“There is a time for everything, and a season for every activity under heaven,” goes Ecclesiastes 3:1. “To everything, turn, turn, turn,” piped up The Byrds a few years later, on a more secular note.
Both are right, and none more poignantly so than at this time of year, when nature sheds its summer clothes and hunkers down for its most ungenerous stretch.
The changing of the seasons, as dependable as, well, the changing of the seasons, is a constant gift to the spiritual lives of all the creatures that experience it. It’s a quarterly opportunity for renewal, an automatic do-over, four times a year.
Autumn is, arguably, the most powerful of these transformative interludes. It is at this time, after all, that the world gives itself a spiritual bath, scrubbing away the debris that’s accumulated over the narcissistic rebirth that is spring and the indulgent luxury that is summer. And it’s a time to prep for the stark period of contemplation that is winter.
After all, what better opportunity for reflection on inner change is there than a period of such spectacular outer change? Watch the leaves adjust their colour and drift to the ground, and understand something valuable about discarding some of your own withered, no-longer-relevant characteristics.
It’s a pattern that endures throughout the calendar year, this intimate relationship between the evolution of the seasons and our own evolving sense of self. In the spring, we feel reborn. Just as tender green shoots poke through the long-frozen earth with hopeful tenacity, opening up their fists of resistance to the optimistic sunshine, so do we. After too many weeks of frigid immobilization, we draw breath once again.

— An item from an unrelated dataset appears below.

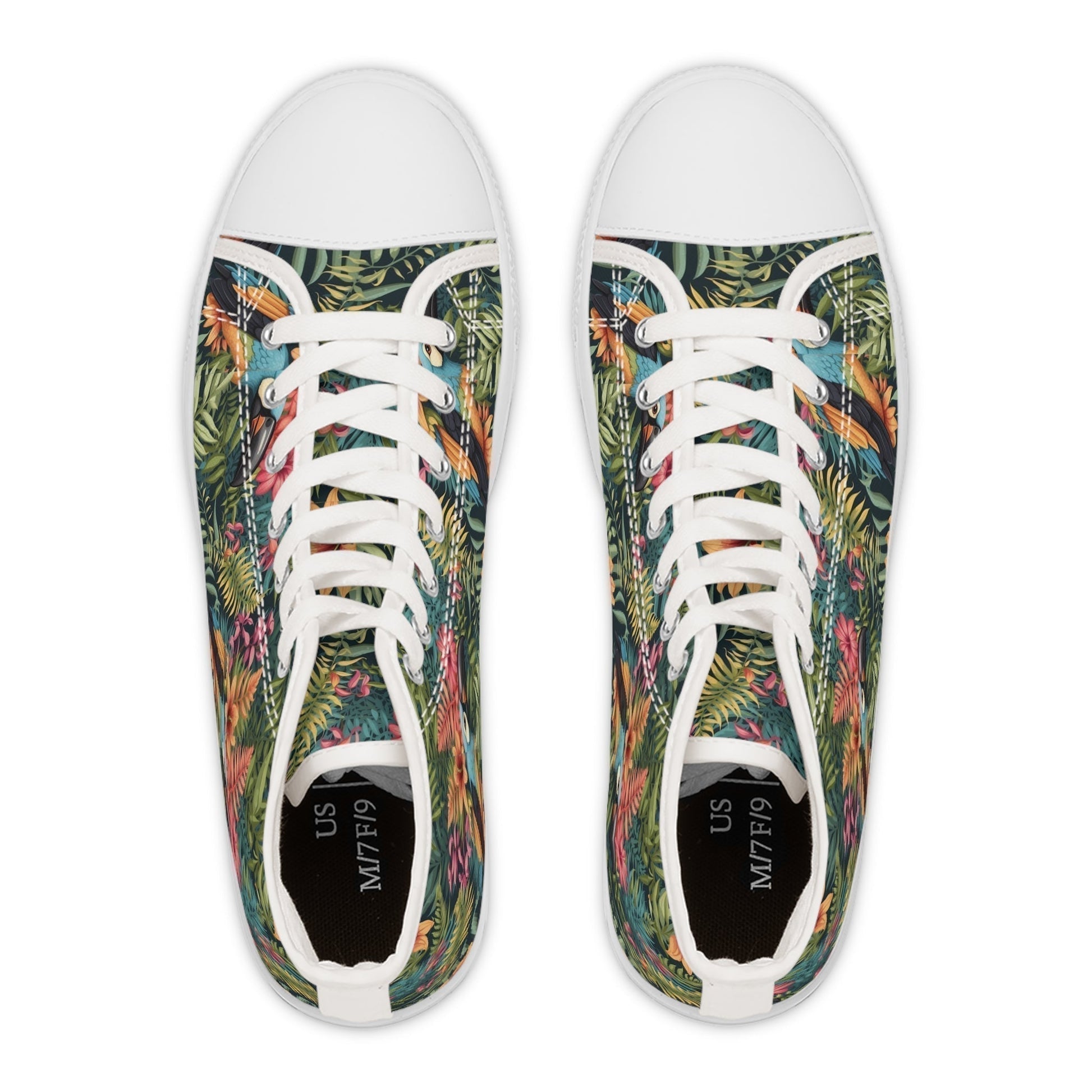 Tucan Women's High Top Sneakers Verdine Daniels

And, over the course of the increasingly charitable months that follow, we dedicate our spirits to the practical business of life. Spring and summer are for getting things done. Under the sun’s warm rays, we scurry about in a state of furious productivity, cleaning, planting, repairing. It is during this period that we are more about doing than being.

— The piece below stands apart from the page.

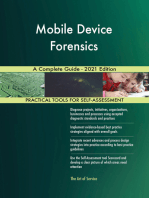Mobile Device Forensics A Complete Guide - 2021 Edition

And then fall drops, and we turn our gaze inward again. Melancholy inevitably creeps in, as we acknowledge the weakening of the sun’s yellow rays, and hustle to secure their last drops of spirit-kissing goodness before they pale into mere reminders of what they can be. In the autumn, we cast off our burdens, and look to the clean slate that the exercise provides.
Winter brings its own opportunities and agonies, first blanketing the world in a layer of white that excites a soul for its potential, and then wearing us down with its lowly lit persistence till we’re aching to bust out and into a new scene.
Up and down. In and out. Through and through. Without this ritualistic changing of the seasons, humans would never experience the coinciding transcendence within themselves. Those otherwise enviable folks who live in environments of near constant sunshine may never have to fill a leaf bag or scrape a windshield, but neither will they enjoy the privilege that this extraordinary glimpse of their spiritual selves allows.